News 10 october — 14:10

Boris Johnson and Leo Varadkar to meet in last roll of Brexit dice


British Prime Minister Boris Johnson is due to meet his Irish counterpart Leo Varadkar on Thursday, as both leaders seek to roll the dice one last time in the hope of breaking the Brexit deadlock, Euronews reports.

Their meeting comes three weeks to the day before the UK is due to leave the EU, with no deal in sight.

It is expected to take place in the northwest of England, behind closed doors and away from the media, and follows a phone conversation between the two leaders earlier this week.

Neither side is playing up expectations of a breakthrough. Varadkar has said achieving a deal will be “extremely difficult”. Johnson’s stance appears more positive: the prime minister tweeted to say he was “still cautiously, cautiously optimistic”.

The reality is that there is a yawning gulf between the British government’s position, and that of Ireland and the EU. Talks in Brussels all but broke down this week amid a bout of acrimony.

The Irish prime minister has since told parliament in Dublin his government has “grave difficulty” with the UK’s plan to pull Northern Ireland out of the EU’s customs union without the consent of its people – a majority of whom opposed Brexit in the 2016 referendum.

Under Boris Johnson’s plan for a revised divorce deal, the “backstop” – which would keep the UK in a customs union with the EU – would be scrapped. Instead, the whole of the UK – including Northern Ireland – would leave.

Dublin and the EU27 oppose customs checks anywhere on the island of Ireland.
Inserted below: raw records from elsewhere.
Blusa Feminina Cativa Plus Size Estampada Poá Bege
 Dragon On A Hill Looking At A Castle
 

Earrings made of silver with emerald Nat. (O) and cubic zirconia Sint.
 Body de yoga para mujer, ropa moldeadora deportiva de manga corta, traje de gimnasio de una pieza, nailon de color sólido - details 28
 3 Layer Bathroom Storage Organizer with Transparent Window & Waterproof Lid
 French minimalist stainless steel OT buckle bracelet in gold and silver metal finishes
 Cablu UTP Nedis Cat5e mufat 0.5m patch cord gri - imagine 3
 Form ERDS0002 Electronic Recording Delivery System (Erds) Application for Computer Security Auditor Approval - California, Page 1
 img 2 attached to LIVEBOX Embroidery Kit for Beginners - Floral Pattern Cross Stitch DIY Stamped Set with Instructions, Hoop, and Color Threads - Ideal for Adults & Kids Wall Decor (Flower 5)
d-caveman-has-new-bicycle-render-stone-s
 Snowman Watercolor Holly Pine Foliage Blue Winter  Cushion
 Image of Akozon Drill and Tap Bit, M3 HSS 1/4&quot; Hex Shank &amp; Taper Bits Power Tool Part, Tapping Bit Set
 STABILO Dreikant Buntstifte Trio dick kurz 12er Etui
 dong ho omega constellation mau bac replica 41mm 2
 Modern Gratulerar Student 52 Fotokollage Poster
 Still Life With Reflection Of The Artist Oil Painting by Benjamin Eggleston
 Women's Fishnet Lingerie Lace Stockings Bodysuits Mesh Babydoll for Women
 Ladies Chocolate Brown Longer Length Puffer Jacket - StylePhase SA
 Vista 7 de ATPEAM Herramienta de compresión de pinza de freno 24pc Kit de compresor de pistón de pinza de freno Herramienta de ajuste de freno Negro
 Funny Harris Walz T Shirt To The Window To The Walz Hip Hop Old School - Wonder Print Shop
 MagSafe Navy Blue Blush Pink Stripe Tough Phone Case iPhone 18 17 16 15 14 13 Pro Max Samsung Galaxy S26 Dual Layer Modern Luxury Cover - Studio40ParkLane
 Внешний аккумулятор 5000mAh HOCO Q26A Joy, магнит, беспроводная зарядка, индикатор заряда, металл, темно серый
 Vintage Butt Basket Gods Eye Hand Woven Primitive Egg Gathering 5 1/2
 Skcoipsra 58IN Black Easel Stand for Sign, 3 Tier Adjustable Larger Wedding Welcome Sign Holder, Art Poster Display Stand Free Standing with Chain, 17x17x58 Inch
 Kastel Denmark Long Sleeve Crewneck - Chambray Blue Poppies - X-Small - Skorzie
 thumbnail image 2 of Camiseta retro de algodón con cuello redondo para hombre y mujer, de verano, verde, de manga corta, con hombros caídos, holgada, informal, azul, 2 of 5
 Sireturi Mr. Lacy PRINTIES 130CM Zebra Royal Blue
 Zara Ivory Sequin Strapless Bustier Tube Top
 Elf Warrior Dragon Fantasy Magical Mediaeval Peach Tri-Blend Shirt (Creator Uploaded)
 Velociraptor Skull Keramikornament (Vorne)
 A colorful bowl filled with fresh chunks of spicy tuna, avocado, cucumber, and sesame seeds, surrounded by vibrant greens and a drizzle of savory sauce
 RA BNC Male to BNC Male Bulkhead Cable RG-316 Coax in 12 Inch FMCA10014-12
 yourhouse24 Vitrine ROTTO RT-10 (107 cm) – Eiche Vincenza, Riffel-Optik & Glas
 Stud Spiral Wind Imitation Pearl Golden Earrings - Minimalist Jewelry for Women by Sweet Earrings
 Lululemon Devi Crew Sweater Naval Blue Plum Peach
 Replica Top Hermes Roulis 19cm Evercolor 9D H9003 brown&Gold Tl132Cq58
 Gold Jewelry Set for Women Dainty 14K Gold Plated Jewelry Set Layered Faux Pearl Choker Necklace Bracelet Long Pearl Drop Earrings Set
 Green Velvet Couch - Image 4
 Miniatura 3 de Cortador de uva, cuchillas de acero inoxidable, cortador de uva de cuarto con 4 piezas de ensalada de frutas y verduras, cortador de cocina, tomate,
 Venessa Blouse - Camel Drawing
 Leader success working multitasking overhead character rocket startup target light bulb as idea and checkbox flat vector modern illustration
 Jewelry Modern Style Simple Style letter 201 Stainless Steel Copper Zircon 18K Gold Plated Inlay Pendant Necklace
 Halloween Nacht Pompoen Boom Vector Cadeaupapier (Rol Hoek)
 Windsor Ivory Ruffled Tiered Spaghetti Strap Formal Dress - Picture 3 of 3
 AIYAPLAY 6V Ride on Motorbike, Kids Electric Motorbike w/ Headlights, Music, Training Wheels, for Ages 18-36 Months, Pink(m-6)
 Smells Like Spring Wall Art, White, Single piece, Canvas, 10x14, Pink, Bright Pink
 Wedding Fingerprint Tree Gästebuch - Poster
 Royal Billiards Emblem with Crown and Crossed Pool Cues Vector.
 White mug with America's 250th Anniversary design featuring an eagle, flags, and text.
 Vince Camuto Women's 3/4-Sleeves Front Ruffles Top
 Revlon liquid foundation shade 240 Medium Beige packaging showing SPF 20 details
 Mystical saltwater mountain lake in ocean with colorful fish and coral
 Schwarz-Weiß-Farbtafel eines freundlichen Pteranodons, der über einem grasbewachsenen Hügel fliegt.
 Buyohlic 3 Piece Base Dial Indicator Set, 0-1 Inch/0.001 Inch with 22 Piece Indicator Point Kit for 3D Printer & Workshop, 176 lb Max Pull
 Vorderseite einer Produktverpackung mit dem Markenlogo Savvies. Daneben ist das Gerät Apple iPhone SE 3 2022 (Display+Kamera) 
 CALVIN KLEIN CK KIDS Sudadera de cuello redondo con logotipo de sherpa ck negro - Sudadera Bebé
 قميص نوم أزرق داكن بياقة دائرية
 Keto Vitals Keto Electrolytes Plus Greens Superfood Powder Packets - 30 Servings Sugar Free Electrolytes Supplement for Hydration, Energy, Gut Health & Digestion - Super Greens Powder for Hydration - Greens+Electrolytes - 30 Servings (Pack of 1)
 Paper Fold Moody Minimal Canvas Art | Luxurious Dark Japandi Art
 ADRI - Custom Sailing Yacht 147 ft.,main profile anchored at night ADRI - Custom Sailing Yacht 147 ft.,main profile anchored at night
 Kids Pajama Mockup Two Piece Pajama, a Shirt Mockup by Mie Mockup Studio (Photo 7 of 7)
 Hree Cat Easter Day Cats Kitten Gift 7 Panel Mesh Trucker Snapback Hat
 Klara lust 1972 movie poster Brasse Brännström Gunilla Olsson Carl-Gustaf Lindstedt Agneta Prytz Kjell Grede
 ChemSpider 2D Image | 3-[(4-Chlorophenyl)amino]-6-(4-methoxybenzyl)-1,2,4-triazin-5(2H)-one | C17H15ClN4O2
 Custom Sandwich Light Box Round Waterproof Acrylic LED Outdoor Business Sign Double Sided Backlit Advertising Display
They say the UK’s proposals for an automated system are unproven and cannot provide a cast-iron guarantee for an open border in the same way as the backstop.

The British want the EU to compromise over customs, arguing that they have given ground in accepting that Northern Ireland would remain under single market rules for goods and agri-food products.

But Dublin, with EU backing, opposes the UK’s plan whereby the arrangement would be subject to approval every four years from Northern Ireland’s elected authorities. Many among the business and farming communities in the North have also castigated Johnson’s plan as unworkable and damaging.

Hopes are not high that the meeting between Johnson and Varadkar will bring a meeting of minds. It comes a week before a European Council summit when any deal would need to be signed off by EU27 leaders.

The British government continues to insist the UK will leave the EU on October 31. The British parliament – which has passed a law designed to force another delay in the absence of a deal – will hold an emergency session on October 19, its first Saturday sitting since 1982.